When we get to the other side we arrive in an area with a lot of dessert stalls. Neither of us is particularly interested in sweets now so we take no notice. Except start to notice something. There’s a bad smell coming from somewhere. It takes me a few minutes to find the source. In this market there are several stands selling stinky tofu. This helps keep the lines manageable for sure.
We take a bit of a walk to see what our options are:
One thing we saw at this market that we didn’t at previous ones is the presence of different fusion foods. We pass a stand selling Thai style cole slaw and butter chicken rolled in Chinese pancakes. After a wander through all the stalls we get in line for some Vietnamese-inspired tacos.
We start with the “Crispy Fish Banh Mi Taco”
It has many of the ingredients I recognize from Banh Mi sandwiches: pickled vegetables, meat (or fish), chilli, and coriander. But there’s also lime for the fish and it’s served on a freshly cooked tortilla. It is the best combination of the fish tacos I had in New Mexico with the banh mi I have had downtown. It’s so great we go for another.
This time I go for the lemongrass chicken version. Chicken with lemongrass is the first Vietnamese dish I ever tasted and it’s a huge favourite. The chicken is juicy and tender with a good level of lemongrass. All in all it is very tasty but it could have done without the mayonnaise. (I think this is possibly a Toronto thing – even most of the burrito shops offer “burrito sauce” on their burritos – basically mayonnaise. Who eats a burrito with maynnaise?) I leave most of it with Sage and head out to get something more.

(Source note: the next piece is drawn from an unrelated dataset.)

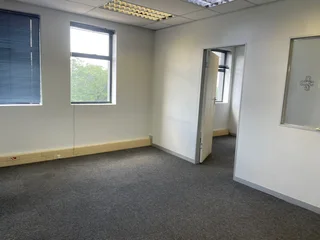 CROSSWAY OFFICE PARK | LENCHEN AVENUE | DIE HOEWES | CENTURION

Most North Americans have a fairly limited idea of what Chinese food is. The usual fare available at the average hometown Chinese restaurant includes sweet and sour chicken, maybe General Tao’s chicken, pepper beef, and egg rolls. But there is so much more. Some know about other dishes like Sichuan style food or dim sum. But I only recently learned that in the west of China is a large Muslim population and many of the dishes there are similar to what you might find in the middle east. For example, grilled lamb skewers seasoned with cumin and chilli are very common and becoming more common here in Toronto as well. I order two for myself, knowing that Sage is not a fan of lamb.
They’re OK but fairly fatty and much more food than I thought. I would’ve been fine with one, I think – especially considering that I was eating these alone. Back out I went. This time I brought back a Chinese bun. The bun was cooked in a clay oven very similar to a tandoor. The bread was similar to naan and had seasoned pork, chillis, mustard greens and other vegetables in it. It was really delicious.As I walk I see many people carrying grilled squid on a stick. I’m a big fan of seafood but squid is a little chewy for my liking. But I’m clearly in the minority today.
I head out again and go to a couple stalls before returning to the shady spot Sage has staked a claim on. I go to a stall selling Korean food with a choice of various pancakes, pork, and boneless fried chicken. I order some hoping for some spicy karaage chicken. What I get isn’t bad but is just fried chicken. The bibimbap sauce on top provides a little flavour but is not the fiery bite I am hoping for.
The next dish I pick up is a cold Sichuan noodle dish. This is just the sort of thing I need on a hot day like today. The noodles are cold and cooked well with an al dente bite to them. They’re served with julienned cucumber, a couple of slices of sausage and a generous dose of spicy Sichuan pepper-infused sauce in the bottom. It was really really tasty but still not as spicy as I was hoping for. There are only a few places I know of that manage to make it that hot. I may have to go back to one of them sometime soon.
By this time we’re both overheated and stuffed to bursting. We head back and for a change of pace catch the commuter train downtown that is just arriving. We join a number of families from the suburbs heading downtown for a baseball game so the train is pretty full. We don’t mind, though. It is air conditioned to near-extreme levels. We are finally cooled off by the time we pull in to Union Station.